Handgrip strength is often used as an indicator of overall muscle strength as well as current and future health. Think about it. You need grip strength for literally everything. Picking up your groceries, grabbing your phone, or even picking up your water bottle. When it comes to weight-lifting hand grip is one of the quickest ways to bigger lifts and loading more plates onto the barbell. You may be strong enough to lift a heavy plate loaded deadlift off the ground, but if you can’t hold onto the barbell, then it doesn’t really matter now does it. We’re going to talk more about how to strengthen your grip and why getting a grip is important.
Grip strength is simply a measurement of how much force and power you can create with your forearms and hand muscles to grip an object.
Training protocols, such as powerlifting, bodybuilding, and high-intensity functional training like CrossFit all require grip strength to compete and lift heavy. A grueling metcon can leave you fatigued and slow you down especially as your chipping away in the workout round after round. Having good grip strength is crucial to focus on proper form and push yourself through a workout.
In fact, a study published in the Journal Of Strength And Conditioning Research found that hand grip strength is a predictor of muscle strength and endurance [R]. Beyond fitness however, grip strength is also an indicator of overall health. Research has shown that low grip strength is associated with chronic comorbidities, functional disabilities, and even death [R]. Now that I have your attention, let’s talk about how to strengthen your grip with some proven grip exercises.
Deadlifts can help increase grip strength by physically adding stress to your forearms and lifting a heavy barbell. There’s honestly no better way to strengthen your grip, than lifting heavy things floor, then putting them back down again. Deadlifts also have a variety of hand grips that you can use, such as over-under, over hand, or under hand, increasing grip strength with several different techniques.

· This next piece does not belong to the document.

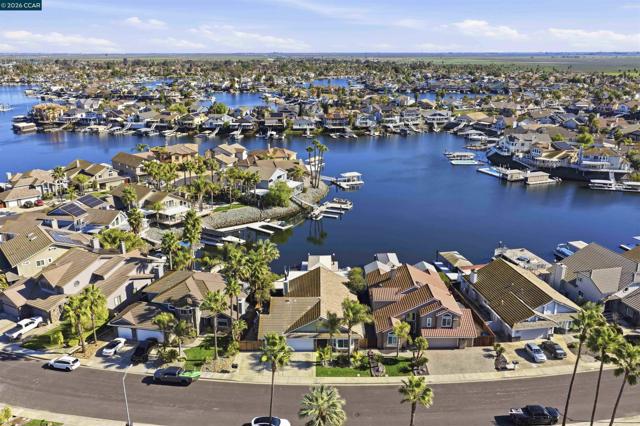 1963 Windward Pt, Discovery Bay CA: https://media.crmls.org/mediaz/1acfafa8-a537-4084-bc55-68fd49d64620.jpg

The Zottman curl is a fantastic exercise to help improve grip strength. Once the dumbbell is curled, a rotation occurs, with a slow eccentric phase, developing strong forearm strength. The real benefit of the Zottman curl is that the positive portion of each rep contracts the biceps (biceps brachii and brachialis) and the negative phase targets the forearms (brachioradialis and brachialis muscles). The force of the weight on the way back down can drastically improve forearm strength and improve your grip.
The farmer’s carry, farmer’s walk, and loaded walks are wonderful ways to increase overall stability, grip strength, and improve exercise conditioning. When gripping the item (dumbbells, kettlebells, etc.) and holding that grip for a distance, the flexors of the forearms and the biceps are actively engaged to stabilize the weight in the hand. When you’re challenging yourself with staying upright and taking controlled steps over a specific distance, the bigger muscles in the upper body like the core and back muscles, stabilize the spine, support posture, and help us to not topple over.
When it comes to grip strength there are a few defined types of gripping
Crushing is the action of closing the fingers against resistance. Essentially crush grip is the ability to squeeze something between your fingers and palm and crimping (directing force with the fingers toward the callous line) is also part of crushing grip.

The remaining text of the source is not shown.